There is no doubt this Olympic Games will really put Brisbane on the map.
While there is excitement out there in the media and the community is buzzing, there are those that are not buying into all the hype.
Much of this is related to whether the cost to host the games will be worth the substantial outlay and if it will result in the associated benefits being touted.
The cost to prepare and host such an event can really add up, after all, it ended up costing $4.2billion for the Sydney Olympics.

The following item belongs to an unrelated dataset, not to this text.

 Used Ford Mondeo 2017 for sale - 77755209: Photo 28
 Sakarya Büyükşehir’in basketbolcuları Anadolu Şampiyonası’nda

Though that pales in comparison when compared to $40 billion for the 2008 Beijing Games and $14.6 billion for the 2012 London Games.
So, you can see why some may be skeptical in asking if it is really worth the huge cost.
Both sides can and will continue to debate the pros and cons over the next decade, but for me I see opportunity.
However, there will be better opportunities for select locations and also for different types of properties.
There is no doubt demand will increase, as we see job opportunities and population growth ramp up in the lead-up to the Olympics.
With that in mind, I would be looking for areas with a shortage of supply, specifically a shortage of land.
High demand and low supply are a part of the fundamentals for an asset returning above average, wealth-producing rates of return.
There is no doubt that a house in a good suburb with a high land-to-asset ratio within 5-15km of Brisbane, will fit this category.
For the budget-conscious, a Townhouse with 7km of the CBD would also be a strong option as the council cracks down on development in middle ring pockets.
The infrastructure upgrades will also be crucial in adding liveability and convenience to preferred suburbs.
If PRD Economist Diaswati Mardiasmo is right and property values double, you could be looking back wishing you had made the most of the opportunity.